Les imams, n’en parlons pas
Il serait intéressant de pouvoir comparer le nombre de cas
de pédophilie avérés chez les prêtres catholiques et orthodoxes, les pasteurs
protestants, les imams et les rabbins, mais aucune étude scientifique n’est
disponible à ce sujet. La rumeur, invérifiable, veut qu’ils soient
particulièrement nombreux chez les imams. Ce qui est avéré, en revanche, c’est
que certains d’entre eux n’hésitent pas à en faire l’apologie. Ainsi Chems
Eddine, l’Imam vedette de la chaîne algérienne Ennahar, a justifié dans les termes suivants, sur les ondes de
la radio Jil FM, le 8 avril 2013, le viol d’une fillette de 12 ans par un homme
de 37 ans : « Lui, il a 37 ans dans le corps, mais dans
l’esprit il a le même âge que la fille […] il se peut qu’il soit adulte même
dans son esprit et que cette fille de 12 ans soit mûre. 12 ans, mais c’est une
femme ! ». En France également, l’Imam Khattabi de la
mosquée Aïcha de Montpellier aurait procédé à une semblable apologie, assortie d’une justification
coranique, dans un prêche du 31 mai 2013 à la Grande Mosquée de
Montpellier : « Aïcha, le prophète l’a demandée en mariage à 7 ans
et il a consommé son mariage avec elle à 9 ans ». Et il est vrai que
Mahomet est, dans la religion musulmane, le « bel exemple » à suivre.

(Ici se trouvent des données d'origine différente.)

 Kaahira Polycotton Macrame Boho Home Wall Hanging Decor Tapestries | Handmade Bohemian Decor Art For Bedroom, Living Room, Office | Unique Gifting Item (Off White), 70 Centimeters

L’Imam Khattabi aurait poursuivi son prêche de la façon suivante : « Dans
l’Islam, la question, ce n’est pas une question d’âge, c’est une question
pubère ou non pubère, prêt ou non prêt, prête ou non prête. »

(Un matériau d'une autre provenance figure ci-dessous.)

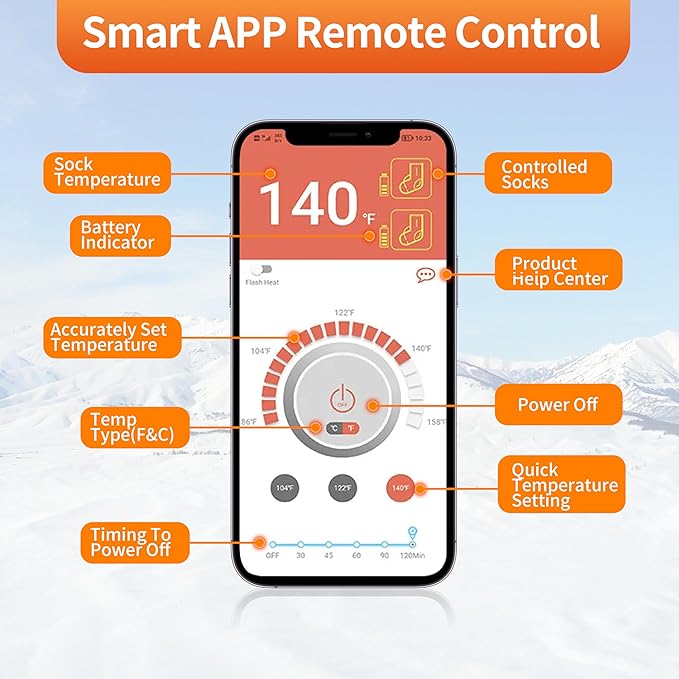 Heated Socks, Heated Socks for Men Women with APP Control, 8000mAh Rechargeable Electric Up to 10 Hours Washable Winter Warm Socks Foot Warmer for Skiing Cycling Camping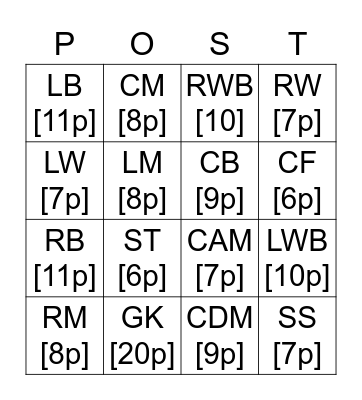 POSITIONS Bingo Card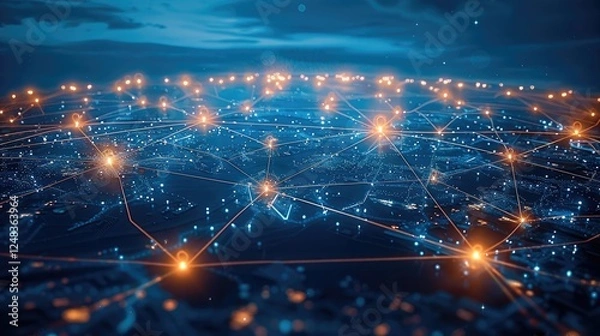 Obraz A futuristic image that represents the world being fully connected to technology and the growing importance of connected devices. taken from an elevated position.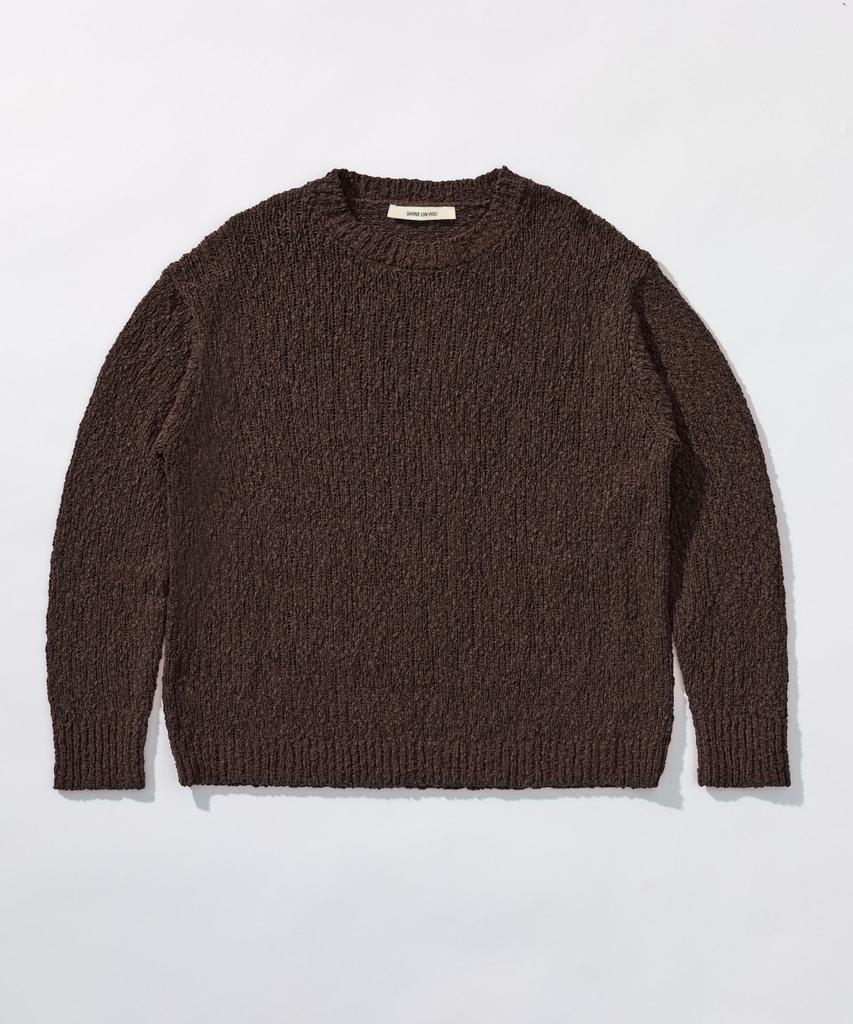 SHINE ON YOU Cotton Blend Loose Knit_ Deep Cocoa Brown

À ma connaissance, aucun curé n’a jamais tenu de propos
justifiant la pédophilie dans son sermon dominical, mais si cela avait été le
cas, on peut présumer que les médias s’en seraient émus davantage que dans le
cas de l’imam Khattabi. Leur discrétion ici tient sans doute à ce que l’islam
est seulement la « deuxième religion de France », négligeable à ce
titre.
Le Monde proteste
Gérard Courtois nous disait n’avoir pas eu connaissance de scandales
pédophiliques « depuis une ou deux décennies » chez
les protestants. C’est étonnant. En effet, le 20 juillet 2010, son
journal Le Monde publiait un article titré « L’Église protestante
allemande décapitée par les scandales » et sous-titré « Les
révélations en série de cas d’abus sexuels sur mineurs touchent à présent
l’Église protestante ». On y apprenait que ces scandales avaient
contraint Maria Jepsen, évêque de Hambourg, à démissionner de son poste pour
avoir protégé un pasteur pédophile. Et beaucoup plus récemment, le 13 février
dernier, le même journal Le Monde publiait un article titré « Aux États-Unis la
principale Église protestante rattrapée par le scandale des abus
sexuels ». On y apprenait que 400 pasteurs baptistes de la
Southern Baptist Convention (SBC) étaient impliqués dans des abus sexuels
concernant plus de 700 victimes, la plupart mineures.
On conseillera donc à M. Courtois de lire les articles
publiés par le journal qu’il dirige.